Mettre l’amour au coeur des apprentissages
Donc, pour moi, si j’avais à résumer mon parcours, cela a vraiment été de :
- Ne pas le personnaliser. Ne pas m’identifier à l’étiquette que l’on m’apposait.
- Ensuite, mes parents étaient monumentaux là-dedans, dans le sens qu’ils m’ont aidé à m’investir dans des trucs dans lesquels je vibrais et dans lesquels je n’avais pas nécessairement à utiliser l’écriture ou la lecture pour l’instant.
- Et lentement mais sûrement, cela m’a permis de remettre de l’amour au coeur des apprentissages : j’ai retrouvé le goût à la lecture. J’ai retrouvé le goût à l’écriture.
– Quand cela? Quand l’as-tu retrouvé?
– Eh bien, je vais te donner un exemple : nous, on nous proposait des livres, en milieu scolaire. Les livres ne m’intéressaient pas.

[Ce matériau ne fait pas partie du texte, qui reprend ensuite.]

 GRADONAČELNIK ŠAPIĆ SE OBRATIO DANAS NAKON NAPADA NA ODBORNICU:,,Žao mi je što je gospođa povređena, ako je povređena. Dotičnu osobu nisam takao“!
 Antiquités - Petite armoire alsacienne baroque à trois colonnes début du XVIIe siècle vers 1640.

Aucunement. Par contre, si tu me mettais un magazine de hockey sur glace, qui était ma discipline à l’époque, j’étais passionné, je voulais tout lire. Je voulais lire les statistiques des joueurs, je voulais savoir d’où ils venaient, quelle était leur biographie, etc.

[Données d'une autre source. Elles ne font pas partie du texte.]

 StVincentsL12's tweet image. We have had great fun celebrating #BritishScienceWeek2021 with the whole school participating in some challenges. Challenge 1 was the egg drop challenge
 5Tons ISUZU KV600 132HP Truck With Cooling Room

Transformer l’activité scolaire en activité intéressante pour l’enfant
Donc, mes parents ont été assez rusés pour dire : qu’est-ce que notre enfant aime? Qu’est-ce qui le passionne? Et là, à ce moment-là, pour moi, ce n’était plus de la « lecture » dans le cadre scolaire que je détestais parce que je savais que j’allais me faire noter, je savais que ma note allait être misérable, je savais qu’on allait me dire que je n’étais pas bon, donc de là que je croyais que j’étais cassé. Je croyais que je n’étais pas comme mes amis.
Mais lorsque j’arrivais à la maison et que je lisais mes cartes de hockey, que je lisais les magazines de hockey, les magazines sportifs, (et plus tard cela a été les livres de développement personnel vers 16-17 ans, des trucs qui me passionnaient, au niveau de la psychologie et du leadership). Cela c’étaient des trucs qui me passionnaient! Je n’ai rien contre le Chaperon rouge, je n’ai rien contre ces trucs-là, c’est juste que moi je ne m’y reconnaissais pas, c’était difficile, c’était un fardeau, et je n’aimais pas cela.

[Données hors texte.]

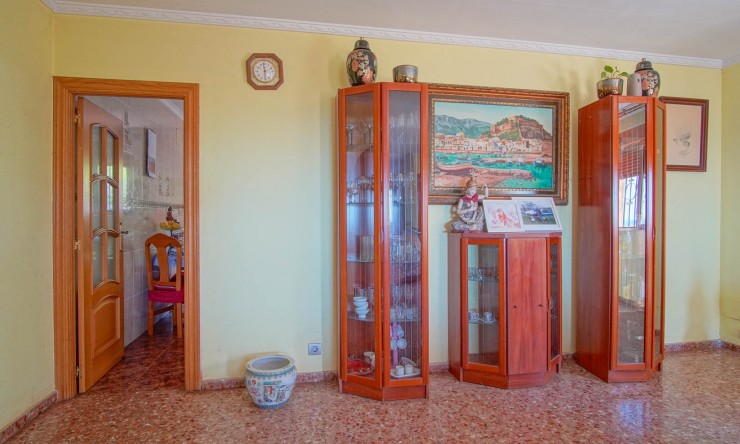 Resale - Villa -
Denia - Campusos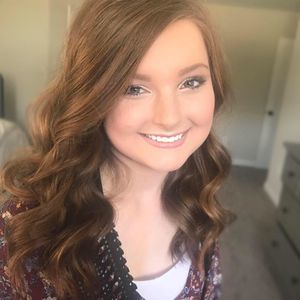 Meet your Posher, Kaitlyn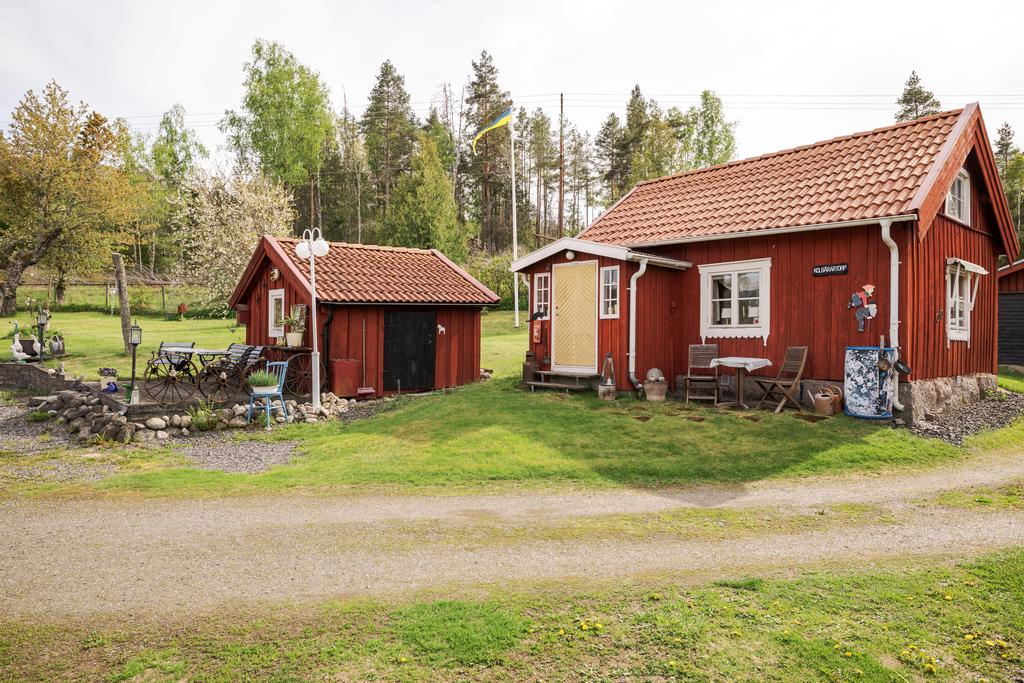 Hobbystuga och gästhus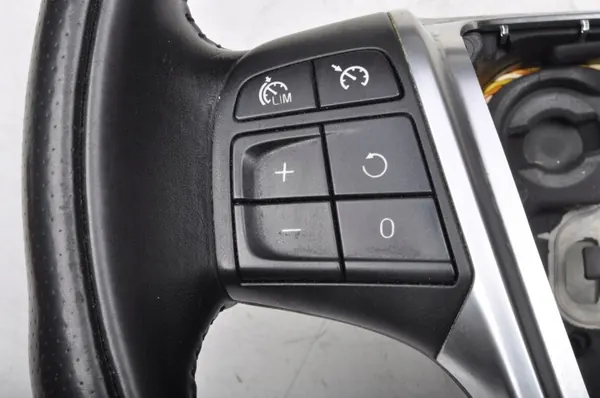 Volant Cuir Volvo OEM 345624 Multi Redesign image 10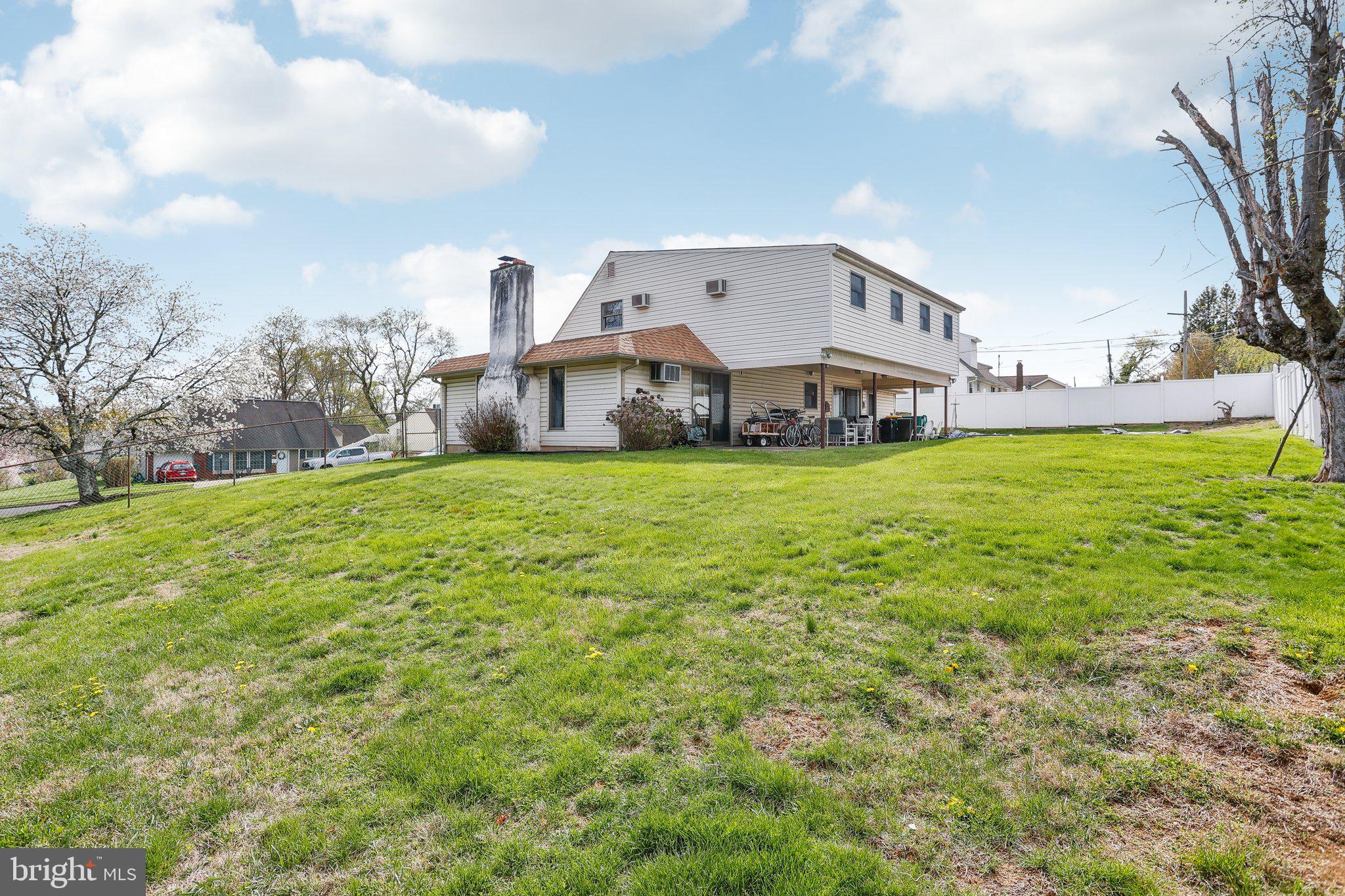 TWIN OAKS - Residential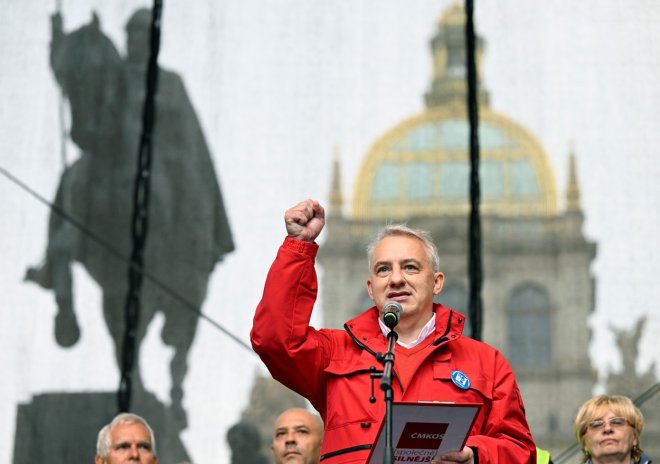 Boj o konsolidační balíček vlády se vyostřuje. Odbory vyhlásily stávkovou pohotovost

Donc de le lier à quelque chose qui me passionnait, pour moi, cela a été un vecteur très puissant qui a allumé une flamme en moi à me dire : « Wahow, je peux avoir ce genre d’informations-là en lisant! » Donc là j’ai retrouvé l’amour de la lecture, et ainsi de suite. Tu comprends?
Aimer l’enfant tel qu’il est et pour ce qu’il est
– Voilà, c’est ça! Et dans mon projet qui s’appelle : « Aimer Lire Ecrire », c’est cela que je veux faire passer. Mettre l’amour au coeur des apprentissages, et surtout aimer l’enfant tel qu’il est et ne surtout pas lui coller une étiquette. C’est exactement ça. Merci Martin.
– Eh bien, mon plaisir, merci Danielle, ça fait plaisir.
– Merci beaucoup. Au revoir tout le monde.
* L’ Académie Zérolimite est une formation en ligne qui a pour but de former les auteurs, formateurs et conférenciers.